Despite these gains, Africa continues to be the poorest region on earth. With 53 nations on the continent, some countries have benefited from globalization and reform more than others. Some have not benefited at all.
The immediate challenge for Africa's leaders and its partners, in light of the global economic recession, is to sustain - let alone accelerate - these vital trends of economic growth, improved governance and poverty reduction.
Accountable African leadership is the most critical factor. The African Union rightly suspended Mauritania and Guinea last year following coups, but has had little impact in helping to resolve Zimbabwe's crisis. There needs to be a consistent commitment to accountability and democratic governance by Africa's leaders and regional organizations.
Improving the competitiveness of Africa's private sector is also a priority. As Tanzania's president, Jakaya Kikwete, contends, there needs to be a heightened focus on reducing the costs of doing business by combating corruption, gearing post-secondary education to private sector demand and providing access to credit and investment capital.
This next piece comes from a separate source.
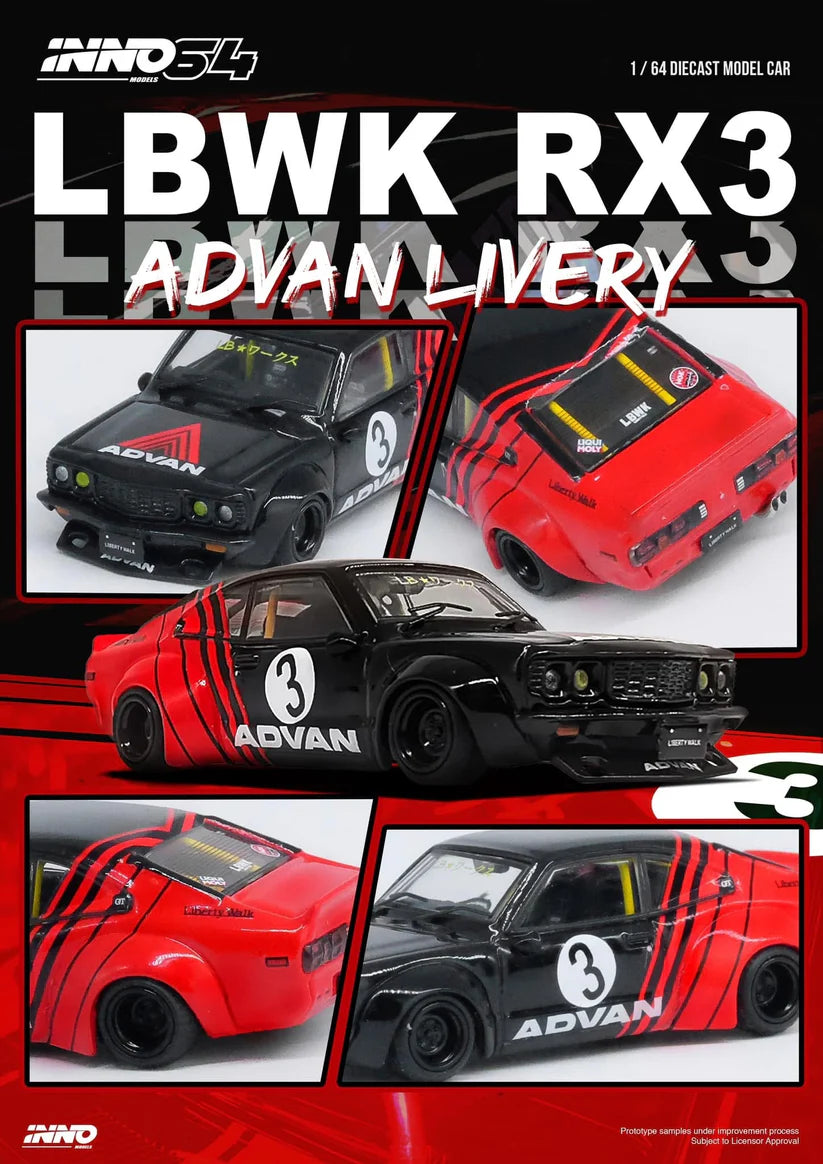 Inno64 LBWK Mazda Savanna RX3 ADVAN Livery Black/Red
In addition, Africa's partners in the West face a dilemma. In 2005 the G8 countries agreed at their summit in Gleneagles, Scotland, to invest an additional U.S.$50 billion in development assistance by 2010, half of which would go to Africa. According to the One Campaign advocacy group, only 14 percent of these resources have been delivered.
While the global financial meltdown has imposed obvious constraints on all nations, G8 leaders are as accountable for their commitments as leaders from any other region.
China's influence on Africa's prosperity is substantial. Its willingness to build infrastructure in the continent in return for access to natural resources has contributed to economic growth, but without a willingness to train workers and introduce transparency in its commercial dealings, China could become an impediment to the continent's long-term progress.
Finally, there is the Obama factor. Given the crises facing the new American administration, Africa may have received its "Obama dividend" on January 20, in the powerful symbolism of a son of Africa overcoming extraordinary odds to become the 44th president of the United States.
Still, during the campaign, Barack Obama promised to double American development assistance. Once the financial crisis broke, he acknowledged that it may take longer to achieve this goal than initially envisioned—but he did not back away from it.
At the same time, other actions can be taken in support of Africa, such as revitalizing the African Growth and Opportunity Act, working through the Millennium Challenge Corporation to improve governance and using the Overseas Private Investment Corporation to extend credit to small and medium enterprises.
Africa's progress, while significant and widespread, is fragile and reversible.
The surest way to sustain progress in these perilous economic times is for governments on the continent and elsewhere to live up to their commitments, even if time frames have to be revised.
Witney Schneidman is president of Schneidman & Associates International and was an adviser on Africa to the Obama campaign. Paul Collier is professor of economics at Oxford University and author of "The Bottom Billion."